C++ – Debugging memory corruption

cdebuggingmemory

First off, I do realize this is not a perfect Q&A style question with an absolute answer, but I can't think of any wording to make it work better. I don't think there is an absolute solution to this and this is one of the reasons why I'm posting it here instead of Stack Overflow.

Over the last month I have been rewriting a fairly old piece of server code (mmorpg) to be more modern and easier to extend/mod.
I started with the network portion and implemented a 3rd party library (libevent) to handle stuff for me.
With all the re-factoring and code changes I introduced memory corruption somewhere and I have been struggling to find out where it happens.

I can't seem to reliably reproduce it on my dev/test environment, even when implementing primitive bots to simulate some load I don't get crashes any more (I fixed a libevent issue which caused some stuff)

I have tried so far:

Valgrinding the hell out of it – No invalid writes until the thing crashes (which may take 1+ day in production.. or just an hour) which is really baffling me, surely at some point it would access invalid memory and not overwrite stuff by chance? (Is there a way to "spread out" the address range?)

Code-Analysis tools, namely coverity and cppcheck. While they did point out some.. nastiness and edge cases in the code there was nothing serious.

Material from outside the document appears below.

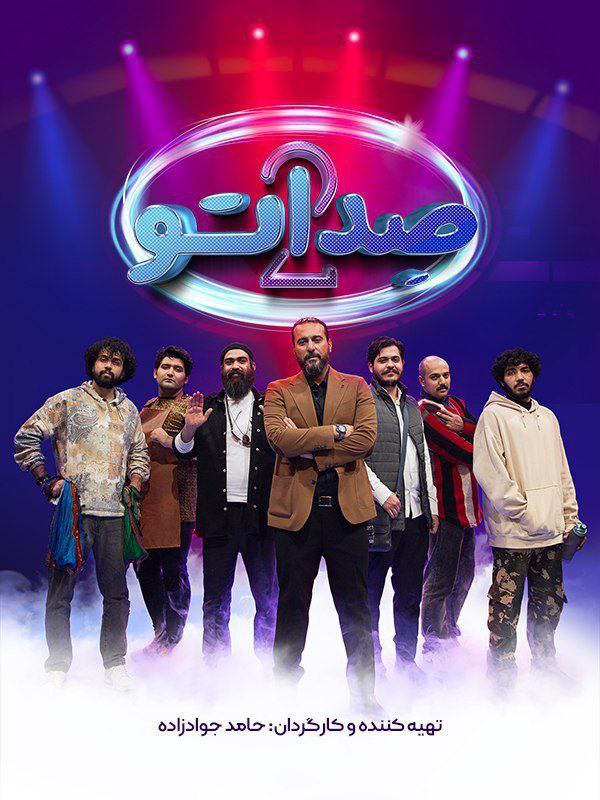 فصل 2 - کیفیت 720p قسمت 12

Recording the process until it crashes with gdb (via undodb) and then working my way backwards. This /sounds/ like it should be doable, but I either end up crashing gdb by using the auto-complete feature or I end up in some internal libevent structure where I get lost since there's too many possible branches (one corruption causing another and so on).
I guess it would be nice if I could see what a pointer originally belongs to/where it was allocated, that would eliminate most of the branching-issues. I cant run valgrind with undodb though, and I the normal gdb record is unusably slow (if that even works in combination with valgrind).

Code review! By myself (thoroughly) and having some friends look over my code, though I doubt it was thorough enough. I was thinking about maybe hiring a dev to do some code review/debugging with me, but I cant afford to put too much money in it and I wouldn't know where to look for someone who'd be willing to work for little-to-no money if he doesn't find the issue or anyone qualified at all.

I should also note: I usually get consistent backtraces.
There are a few places where the crash happens, mostly related to the socket class becoming corrupted somehow. Be it an invalid pointer pointing to something which isn't a socket or the socket class itself becoming overwritten (partially?) with gibberish. Although I suspect it's crashing there the most since that's one of the mostly used parts, so it's the first corrupted memory which gets used.

All in all this issue has had me busy for nearly 2 month (on and off, more of a hobby project) and is really frustrating me to the point where I become grumpy IRL and think about just giving up.
I just can't think about what else I am supposed to do to find the issue.

Are there any useful techniques I missed?
How do you deal with that? (It can't be that common since there isn't much information about this.. or I'm just really blind?)

Edit:

Some specs in case it matters:

Using c++(11) via gcc 4.7 (version supplied by debian wheezy)

The codebase is around 150k lines

Edit in response to david.pfx post: (sorry for the slow response)

Are you keeping careful records of crashes, to look for patterns?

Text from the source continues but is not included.